Examining a cost function instead of model metrics
What about an actual cost function? This would depend very much on the use of your spread forecasting model. As an illustration, however, consider a trader who bets every month whether the spread will widen or tighten in four months. They will profit in months they guess correctly and lose in months they guess wrong.
c(null=mean(sign(spread[t]-spread[t-4])==sign(cv.null-spread[t-4])),
ets=mean(sign(spread[t]-spread[t-4])==sign(cv.ets-spread[t-4])),
nn=mean(sign(spread[t]-spread[t-4])==sign(cv.nn-spread[t-4]))) null ets nn
0.007168459 0.516129032 0.559139785
The null model is of no help to our trader: by construction, it predicts no change over the next four months, and it is right less than 1% of the time.
The exponential smoothing model would only call the direction of the spread movement correctly 52% of the time, hardly enough to call a trading strategy.
The neural network would predict the spread direction correctly 56% of the time, not too much better.
With some hypothetical investment strategies and rules for when to commit a reserve of funds, you could create a true cost function around these ideas which might be enough to attract the attention of actual industry professionals — although these models have poor performance, at some level of accuracy you might be able to generate a consistent return, and that level may not be much greater than 60%. Also, if this direction interested you or a stakeholder, you could retrain your models to predict direction instead of level: these forecasts might be substantially more accurate.

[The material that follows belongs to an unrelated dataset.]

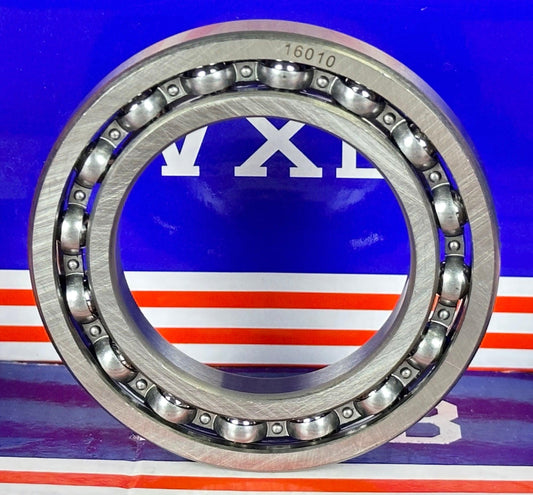 16010 Open Ball Bearing 50x80x10mm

Hypothetical performance “in production”
We held back 24 months to simulate the idea that the best model is chosen and put into production. Here we saw no need, since the naive estimator won out over both challengers. But if we had put a new model in place, how would it perform?
In some production scenarios, the model is continually updated and re-run before each new prediction — this would essentially extend the time series cross-validation process from “model selection” to “in-production forecasting” with no change. It would be common to see this used on monthly forecasts, since the model refresh would be infrequent and low-lift.
In other production scenarios, the model chosen at the end of the validation period is “frozen” and used with exactly the same parameters until a later model refresh. This might be aprticularly true when many stakeholders use model outputs and rely upon thorough model documentation, or when forecasting is deemed worth a one-time resource commitment but not worth maintenance costs.